- ʿAydhab Location in the Halaib Triangle
- Coordinates: 22°19′51″N 36°29′25″E﻿ / ﻿22.33083°N 36.49028°E
- Country: De jure Disputed area between: Egypt Sudan De facto Administered by: Egypt
- Governorate: Red Sea Governorate (Egypt)
- State: Red Sea State (Sudan)

= ʿAydhab =

Medieval port on the west coast of the Red Sea

ʿAydhab (عَيذاب, also Aidab) was an important medieval port on the west coast of the Red Sea. The abandoned site of the town is located in the Halaib Triangle, a territory disputed between Egypt and the Sudan.

== History ==
ʿAydhab was occupied by the Beja before its conquest by Fatimid Egypt in the 10th century. It was located about 20 km north of the modern port Halaib. Abulfeda gave its coordinates as 21°N, 58°E: it is actually located at 22°19'N, 36°28'E. The site was identified in January 1896 by the English explorer Theodore Bent.

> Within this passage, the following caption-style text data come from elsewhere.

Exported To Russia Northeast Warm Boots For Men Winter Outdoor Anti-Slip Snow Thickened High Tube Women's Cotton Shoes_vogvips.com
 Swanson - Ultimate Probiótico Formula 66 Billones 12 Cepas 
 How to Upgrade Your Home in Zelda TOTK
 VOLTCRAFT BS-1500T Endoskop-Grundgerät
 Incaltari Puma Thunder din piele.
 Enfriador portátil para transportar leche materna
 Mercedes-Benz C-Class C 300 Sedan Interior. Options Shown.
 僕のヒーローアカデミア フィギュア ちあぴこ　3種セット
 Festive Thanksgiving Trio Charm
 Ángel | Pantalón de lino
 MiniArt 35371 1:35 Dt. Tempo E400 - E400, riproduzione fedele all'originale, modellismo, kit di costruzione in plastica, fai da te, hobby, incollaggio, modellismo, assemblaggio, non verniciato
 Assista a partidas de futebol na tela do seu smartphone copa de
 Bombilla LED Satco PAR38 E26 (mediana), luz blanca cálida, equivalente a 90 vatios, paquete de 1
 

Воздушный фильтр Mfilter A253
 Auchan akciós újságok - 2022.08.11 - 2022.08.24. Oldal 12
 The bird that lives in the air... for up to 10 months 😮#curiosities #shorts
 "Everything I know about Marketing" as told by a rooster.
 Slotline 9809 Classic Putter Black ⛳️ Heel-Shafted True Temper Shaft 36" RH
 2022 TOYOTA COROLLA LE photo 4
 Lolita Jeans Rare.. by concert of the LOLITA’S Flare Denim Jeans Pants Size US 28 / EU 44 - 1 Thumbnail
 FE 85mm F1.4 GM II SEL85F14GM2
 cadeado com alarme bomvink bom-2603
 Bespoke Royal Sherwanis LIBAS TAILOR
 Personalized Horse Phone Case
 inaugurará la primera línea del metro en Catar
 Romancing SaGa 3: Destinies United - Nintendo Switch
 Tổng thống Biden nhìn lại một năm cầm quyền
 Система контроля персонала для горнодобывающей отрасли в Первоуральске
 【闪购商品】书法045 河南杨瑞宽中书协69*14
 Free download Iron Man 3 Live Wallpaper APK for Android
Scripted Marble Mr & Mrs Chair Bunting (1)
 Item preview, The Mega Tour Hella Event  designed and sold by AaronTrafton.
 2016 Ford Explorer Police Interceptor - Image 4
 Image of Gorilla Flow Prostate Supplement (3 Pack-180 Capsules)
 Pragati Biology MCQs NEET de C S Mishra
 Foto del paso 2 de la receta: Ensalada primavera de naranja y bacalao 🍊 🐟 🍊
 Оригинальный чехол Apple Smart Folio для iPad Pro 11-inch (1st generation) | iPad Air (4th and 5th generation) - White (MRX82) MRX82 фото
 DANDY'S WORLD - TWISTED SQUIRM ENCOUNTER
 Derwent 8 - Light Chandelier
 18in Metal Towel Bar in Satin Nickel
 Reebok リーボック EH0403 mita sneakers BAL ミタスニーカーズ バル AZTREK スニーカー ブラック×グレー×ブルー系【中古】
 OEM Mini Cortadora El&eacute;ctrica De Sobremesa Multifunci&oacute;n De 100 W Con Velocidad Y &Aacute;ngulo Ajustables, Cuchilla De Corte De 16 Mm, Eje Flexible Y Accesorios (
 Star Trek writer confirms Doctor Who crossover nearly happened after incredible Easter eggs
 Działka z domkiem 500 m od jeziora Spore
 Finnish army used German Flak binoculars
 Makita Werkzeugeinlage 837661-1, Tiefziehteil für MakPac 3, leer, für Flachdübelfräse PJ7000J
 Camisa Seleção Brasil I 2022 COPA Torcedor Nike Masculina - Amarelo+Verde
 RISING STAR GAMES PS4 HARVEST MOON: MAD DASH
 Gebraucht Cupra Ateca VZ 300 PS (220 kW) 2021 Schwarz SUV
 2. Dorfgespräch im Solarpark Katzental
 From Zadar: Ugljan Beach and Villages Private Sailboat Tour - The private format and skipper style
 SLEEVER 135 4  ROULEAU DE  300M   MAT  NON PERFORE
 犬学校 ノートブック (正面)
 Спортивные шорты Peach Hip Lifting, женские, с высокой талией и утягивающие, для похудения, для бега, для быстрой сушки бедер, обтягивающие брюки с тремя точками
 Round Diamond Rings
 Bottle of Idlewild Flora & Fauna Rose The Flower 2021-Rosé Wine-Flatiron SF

ʿAydhab became an important port for eastern trade (particularly with Yemen) and for Muslim pilgrims from Africa on their way to Mecca during the 10th and 11th centuries for a number of reasons. First, the rediscovery of the Egyptian mines of the Wadi Allaqi led to a gold rush between the 10th and 14th centuries. Second, the establishment of the Fatimid caliphate increased the relative importance of Egypt in Middle Eastern trade, while piracy and instability in the Persian Gulf moved more international trade into the Red Sea. This had to be located far down the coast because steady southerly winds made it difficult for large ships to travel to Suez before the age of steam.

ʿAydhab was close to Jiddah and linked by a regular ferry; caravans connected it to Aswan and other cities on the Nile. The travellers ibn Jubayr and ibn Battuta both passed through the town. Maimonides's brother David drowned on his way from ʿAydhab to India. Nasir Khusraw believed the region to have the best camels in the world.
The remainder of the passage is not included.